Third-party or in-house Python packages installed on the cluster before the pipeline runs. The framework plays no role in installation; the Databricks Asset Bundle pipeline environments mechanism handles it. Bundling under src/libraries/ is a fallback for when an external registry is not available or practical.

2

Pipeline Python Code

src/python/

Custom modules and packages written by your team that are referenced directly by Data Flow Specs (sources, transforms, sinks). Added to sys.path at pipeline initialisation so specs can resolve them by module path.

3

Init scripts

src/init/pre/ and src/init/post/

Lightweight .py files that run at fixed points in the pipeline initialisation lifecycle. pre/ scripts run before SDP dataflow declarations; post/ scripts run after. Use them for Spark configuration, event hook registration, or any one-time setup that must happen outside of Data Flow logic.

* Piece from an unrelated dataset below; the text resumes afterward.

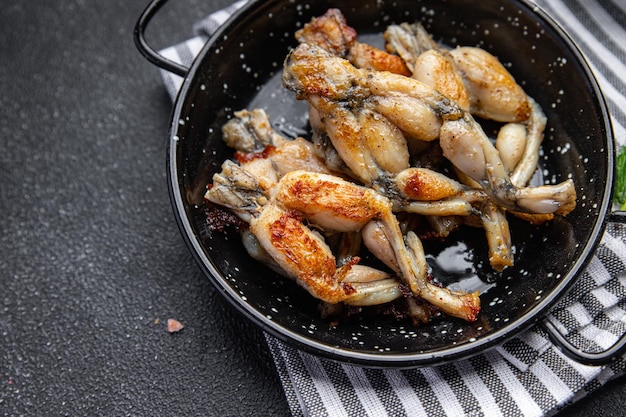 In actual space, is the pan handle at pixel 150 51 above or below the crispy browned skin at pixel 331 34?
below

Each mechanism is independent. You can use any combination.

Two bundle contexts

The framework operates with two bundles, each of which carries its own src/ tree:

Bundle

Spark conf key

Role

Framework bundle

framework.sourcePath

Carries framework code. Custom code lives exclusively under src/local/ — the fork-safe area for org-specific customisations that should not be merged back upstream.

Pipeline bundle

bundle.sourcePath

Carries your pipeline’s Data Flow Specs, pipeline config, and any bundle-specific libraries, pipeline logic modules, and init scripts.

``src/local/`` — framework bundle only

src/local/ is the only place for custom code in the framework bundle (framework.sourcePath). It is a customer-owned directory that framework upgrades and upstream merges will never overwrite. The framework bundle has no top-level src/libraries/, src/python/, or src/init/ — those paths exist only in pipeline bundles:

  • src/local/libraries/ — org-wide shared modules or wheels (sys.path registered)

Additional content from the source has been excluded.